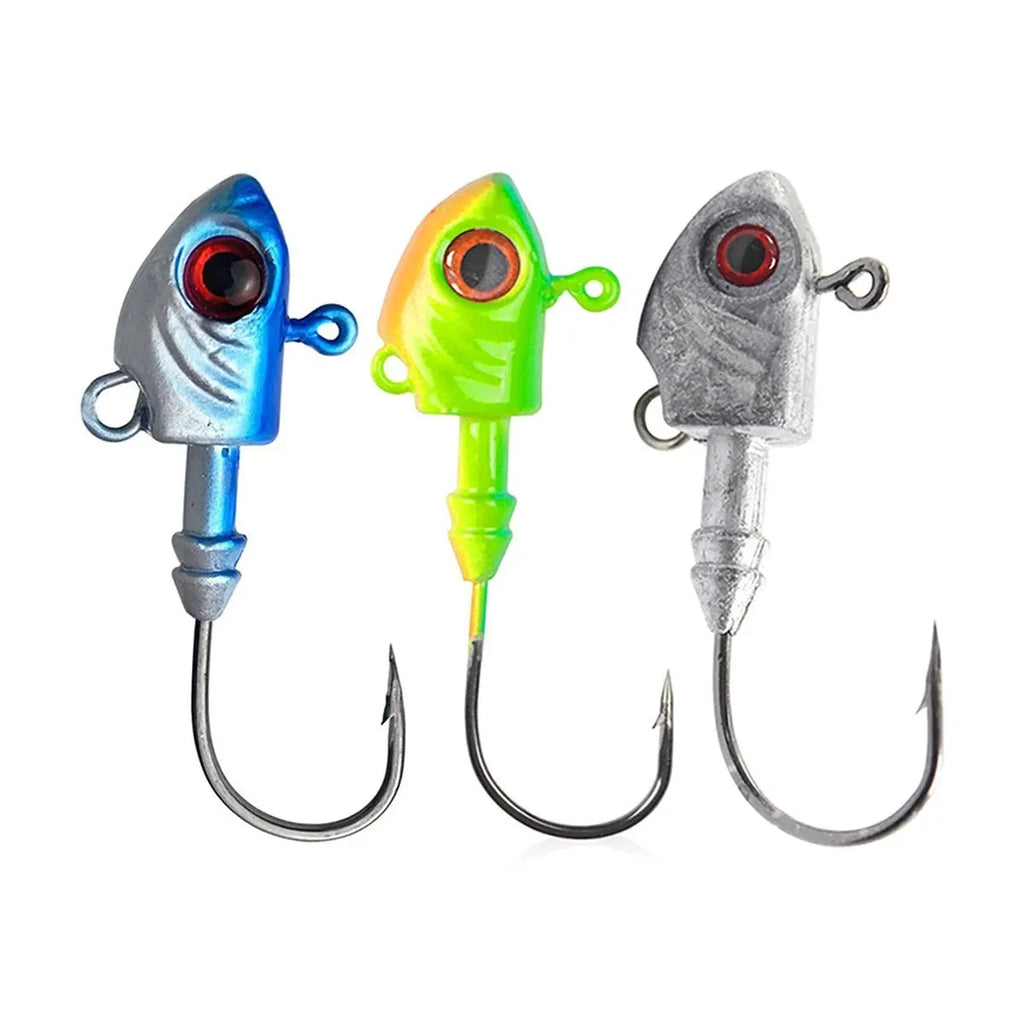 Yayu-shaped lead head fishing hooks in blue, silver, and yellow colours with weight options from 3.5g to 28g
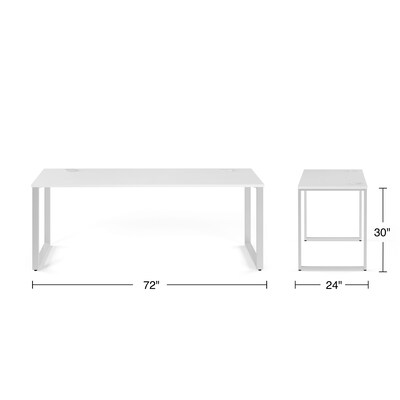 Union & Scale™ Workplace2.0™ 72"W x 24"D Writing Desk, White (UN57475)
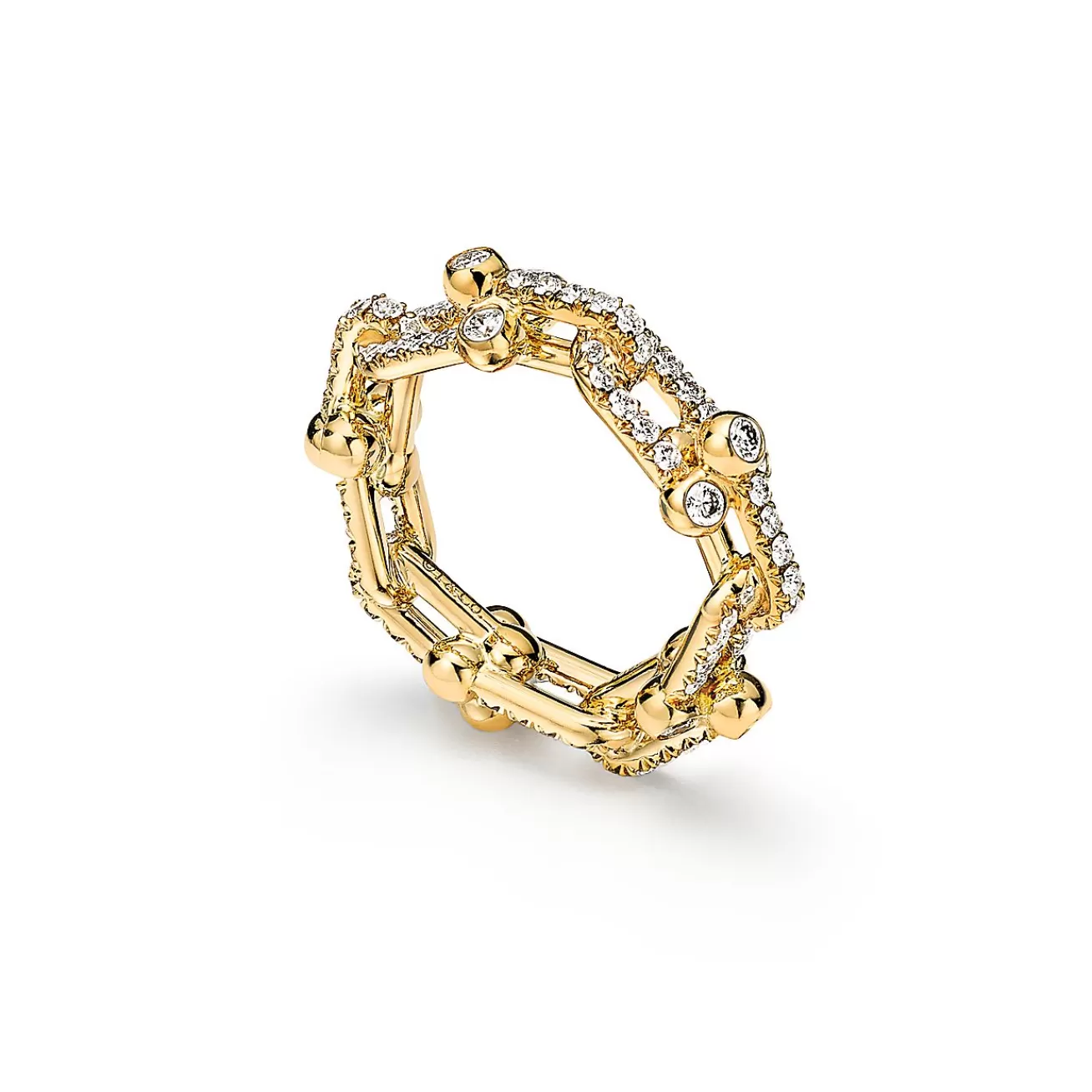 Tiffany & Co. Tiffany HardWear Small Link Ring in Yellow Gold with Pavé Diamonds | ^ Rings | New Jewelry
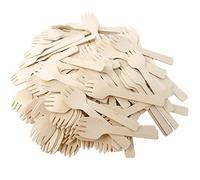 Honbay 100pcs 10.5cm/4.13inch mini madera spork prueba tenedor cuchara muestreo cuchara postre cuchara helado, cuchara aperitivo, desechable y degradable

+===+

Output the line containing "Tiffany & Co." and each line after it, through the end of the material, exactly as given. No pictures belong in the output.

 Tiffany & Co. Tiffany HardWear Small Link Ring in Yellow Gold with Pavé Diamonds | ^ Rings | New Jewelry
 Honbay 100pcs 10.5cm/4.13inch mini madera spork prueba tenedor cuchara muestreo cuchara postre cuchara helado, cuchara aperitivo, desechable y degradable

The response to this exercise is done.